3. Les possibilités d'exploitation commerciale des résultats de la recherche (publique et/ou privée) sont déjà régies par un ensemble de règles et de lois, et par des contrats spécifiques. Le fait de mettre à disposition sur une plate-forme ouverte une publication qui serait par ailleurs disponible seulement sur abonnement payant, ne doit pas empêcher une éventuelle valorisation commerciale de ces travaux de recherche. Actuellement, un grand nombre de laboratoires publics exploitent commercialement les fruits de leurs recherches, qu'ils soient publiés dans des revues payantes, en open access ou les deux à la fois. Interdire une exploitation commerciale dès qu'une publication a été rendue disponible sur une plate-forme ouverte serait un lourd handicap à l'innovation en France.

  LA PROTECTION DANS LA SOCIÉTÉ NUMÉRIQUE

ARTICLE 17 : Évolution des missions de la CNIL

Soutenir l'amendement : Ajouter la promotion du chiffrement des communications dans les missions de la CNIL Dans son rôle de promotion des technologies respectueuses de la vie privée et de la sécurisation des données, il convient que la CNIL porte une attention particulière au développement et à la promotion d'outils permettant un chiffrement sûr des informations, données et correspondances des citoyens. Le chiffrement joue un rôle fondamental dans la sécurisation des communications et est une protection efficace contre les atteintes à la vie privée et la surveillance, la CNIL doit donc explicitement l'intégrer dans ses missions d'information et de recommandation à destination des citoyens et des acteurs économiques ou publics.

ARTICLE 22 : Secret des correspondances numériques

Soutenir la proposition d'article : Affirmer et encourager le droit au chiffrement des communications

La pénalisation plus lourde des crimes et délits lorsque des moyens de cryptologie ont été utilisés a pour conséquence de limiter la promotion, le développement et l'utilisation de ces techniques, au détriment de la vie privée des citoyens mais également de la sécurisation des opérations économiques. L'affirmation du droit au chiffrement permet de mettre en cohérence la loi qui affirme le droit au secret des correspondances numériques. Cet amendement a pour objectif de permettre les conditions d'un développement des technologies de chiffrement et donc de permettre aux individus de d'exercer leurs droits au secret des correspondances et des communications.
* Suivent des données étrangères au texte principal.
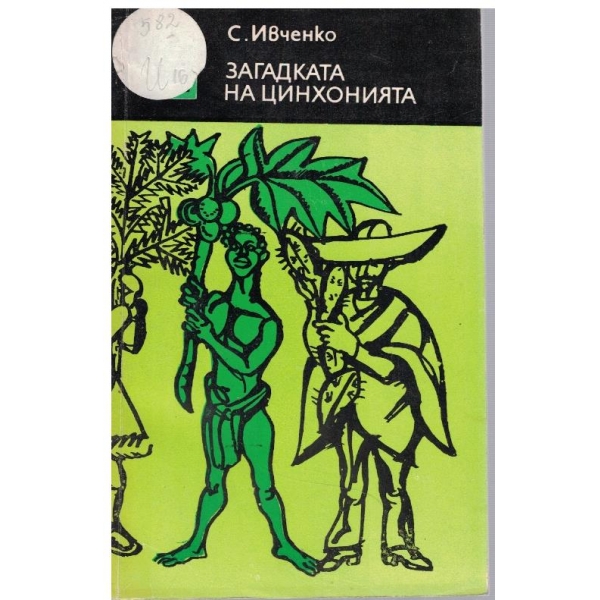 Загадката на Цинхонията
Soutenir la proposition d'article : Autoriser les actions de groupe notamment en matière d'atteinte au droit sur les données personnelles et la neutralité du Net

L'article L.423-1 du code de la consommation restreint la réparation en cas d'action de groupe aux préjudices matériels : « Seule la réparation des préjudices matériels résultant d'une atteinte au  patrimoine des consommateurs et résultant d'une des causes mentionnées  ci-dessus peut être poursuivie par cette action. »Afin de permettre des actions de groupe notamment concernant l'atteinte au droit sur les données personnelles et la neutralité du Net, il convient de faire porter la réparation à l'ensemble des préjudices et non seulement aux préjudices matériels.